<<<<

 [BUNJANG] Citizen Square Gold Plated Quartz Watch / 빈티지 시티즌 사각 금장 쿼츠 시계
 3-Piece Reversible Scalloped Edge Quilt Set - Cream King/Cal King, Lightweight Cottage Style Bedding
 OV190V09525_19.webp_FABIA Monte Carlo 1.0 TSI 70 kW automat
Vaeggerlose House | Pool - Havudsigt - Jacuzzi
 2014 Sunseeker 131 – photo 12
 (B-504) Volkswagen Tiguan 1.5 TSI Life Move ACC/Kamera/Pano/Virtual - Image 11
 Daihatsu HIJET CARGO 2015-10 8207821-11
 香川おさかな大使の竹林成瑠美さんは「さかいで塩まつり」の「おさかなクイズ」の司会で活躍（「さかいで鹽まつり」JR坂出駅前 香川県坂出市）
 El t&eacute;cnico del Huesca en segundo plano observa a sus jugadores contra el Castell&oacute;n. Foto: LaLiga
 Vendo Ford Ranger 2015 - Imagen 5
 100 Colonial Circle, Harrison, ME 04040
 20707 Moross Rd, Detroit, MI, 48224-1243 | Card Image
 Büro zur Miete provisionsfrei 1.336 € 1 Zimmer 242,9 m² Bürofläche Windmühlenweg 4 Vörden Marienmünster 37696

>>>>

TO DO:
Please transcribe the records above in full, keeping every word.

SOLUTION TO THIS EXERCISE:
 [BUNJANG] Citizen Square Gold Plated Quartz Watch / 빈티지 시티즌 사각 금장 쿼츠 시계
 3-Piece Reversible Scalloped Edge Quilt Set - Cream King/Cal King, Lightweight Cottage Style Bedding
 OV190V09525_19.webp_FABIA Monte Carlo 1.0 TSI 70 kW automat
Vaeggerlose House | Pool - Havudsigt - Jacuzzi
 2014 Sunseeker 131 – photo 12
 (B-504) Volkswagen Tiguan 1.5 TSI Life Move ACC/Kamera/Pano/Virtual - Image 11
 Daihatsu HIJET CARGO 2015-10 8207821-11
 香川おさかな大使の竹林成瑠美さんは「さかいで塩まつり」の「おさかなクイズ」の司会で活躍（「さかいで鹽まつり」JR坂出駅前 香川県坂出市）
 El t&eacute;cnico del Huesca en segundo plano observa a sus jugadores contra el Castell&oacute;n. Foto: LaLiga
 Vendo Ford Ranger 2015 - Imagen 5
 100 Colonial Circle, Harrison, ME 04040
 20707 Moross Rd, Detroit, MI, 48224-1243 | Card Image
 Büro zur Miete provisionsfrei 1.336 € 1 Zimmer 242,9 m² Bürofläche Windmühlenweg 4 Vörden Marienmünster 37696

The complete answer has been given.